VIVA – Anto salah satu pedagang pasar Muamalah menegaskan tidak ada kaitannya antara konsep transaksi menggunakan dinar dan dirham dengan ideologi khilafah seperti yang dituduhkan di media sosial.
“Enggak ada hubungannya karena ini kan barter. Barter kan berlaku umum. Di kalangan masyarakat Baduy itu pun masih berlaku barter. Di Jawa Tengah ada yang pake bambu,” kata Anto di kawasan Beji, Depok, Jawa Barat pada Jumat 29 Januari 2021
Terkait hal itu, ia pun berharap media bisa meluruskan informasi tersebut.
“Tinggal teman-teman saja menjelaskan, ini enggak ada hubungannya dengan sistem negara,” katanya.

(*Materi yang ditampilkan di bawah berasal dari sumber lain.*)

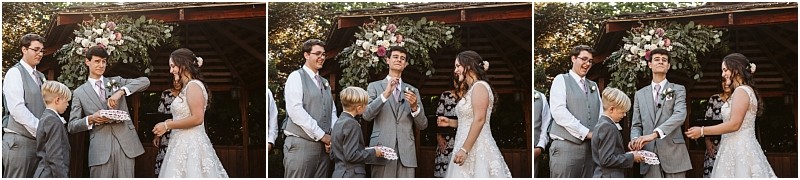 Three panel wedding photo a bride groom groomsmen and a ring bearer share a playful moment during the ring exchange outdoors in snohomish all smiling and laughing in front of a beautiful floral arrangement Snohomish wedding photography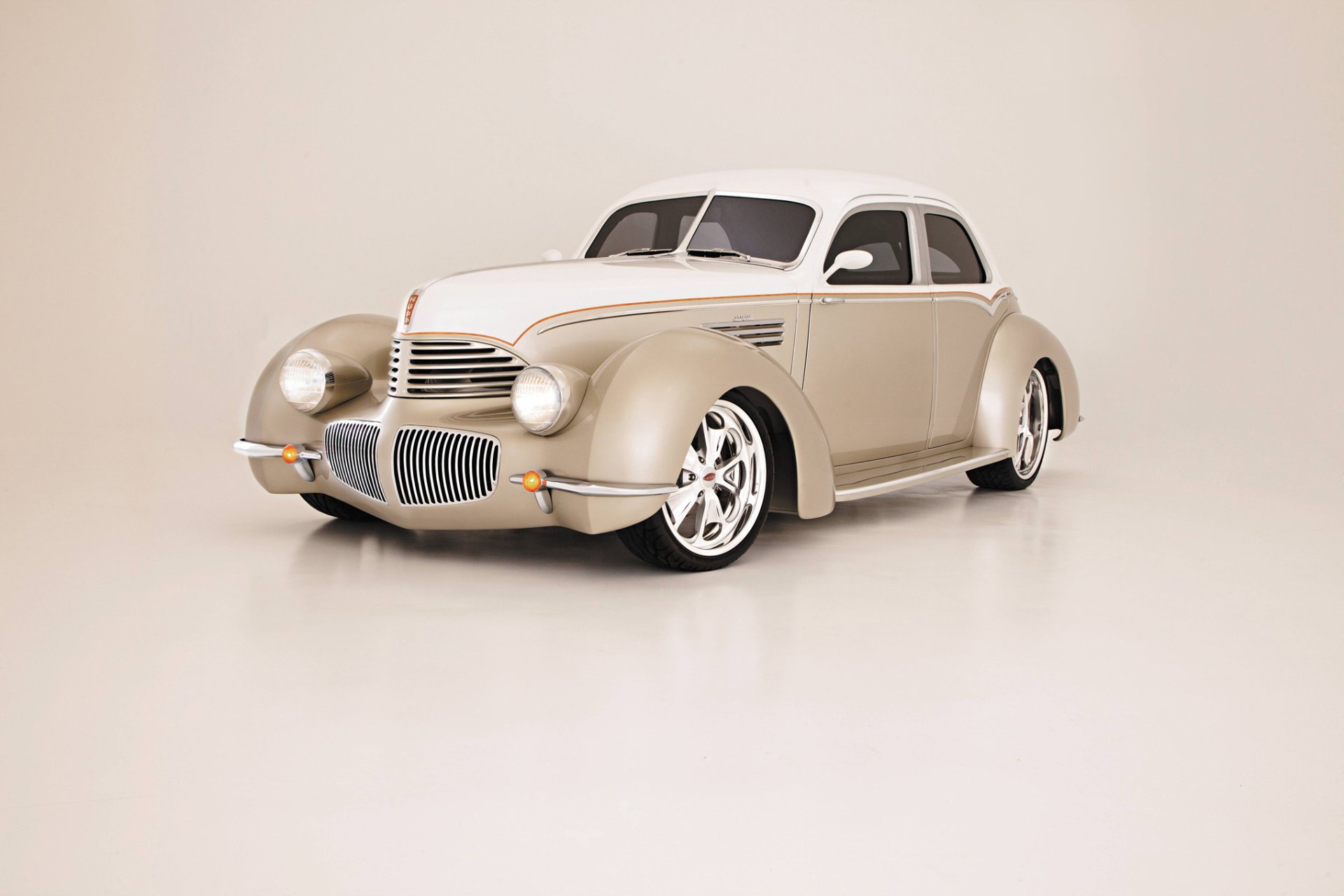 1941 Hupmobile Skylark vintage car in cream on a neutral backdrop — HD PC desktop wallpaper highlighting the vehicle's streamlined Art Deco styling.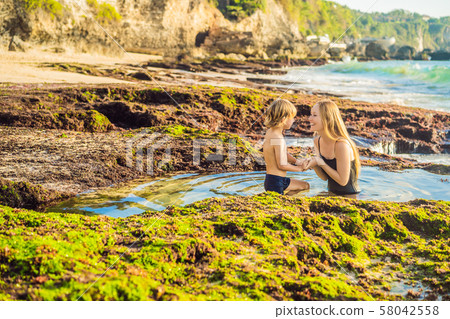 Mother and son tourists on Pantai Tegal Wangi Beach sitting in a bath of sea water, Bali Island 58042558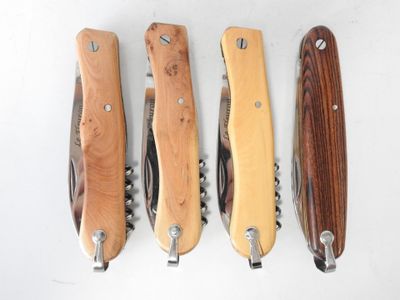 four different types of knives are lined up on a white surface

Anto mengakui, tudingan itu telah menyudutkan dirinya dan para pelaku usaha yang ada di kawasan pasar Muamalah.
Ia mengatakan, transaksi menggunakan dinar dan dirham tidak wajib. Pedagang dan pembeli masih banyak yang menggunakan mata uang Rupiah.
Bahkan kata dia, sistem niaga di sana bisa menggunakan sistem barter atau saling tukar barang sesuai nilai transaksi yang diperdagangkan.
“Itu (dinar dirham) kalau yang bisa aja, yang bisa ya bisa. Yang enggak bisa, bisa barter barang.” imbuhnya
Kegiatan jual beli di pasar Muamalah tersebut biasanya berlangsung setiap hari Minggu dan berupa bazar, bukan pasar pada umumnya.
Namun bedanya, para pedagang yang terlibat tidak dikenakan biaya sewa lapak. Hal ini disebut mengikuti zaman Rasulullah.
“Syarat enggak ada. Di sini kan bebas, bebas sewa, enggak dipungut biaya. Dari kalangan mana saja mereka boleh dagang,” ujarnya.
Anto mengatakan, pedagang yang hadir tidak hanya dari Depok namun juga ada yang sengaja datang dari Jakarta dan kota daerah penyangga lainnya.
“Konsepnya kebebasan saja. Pakai apa saja," kata dia lagi.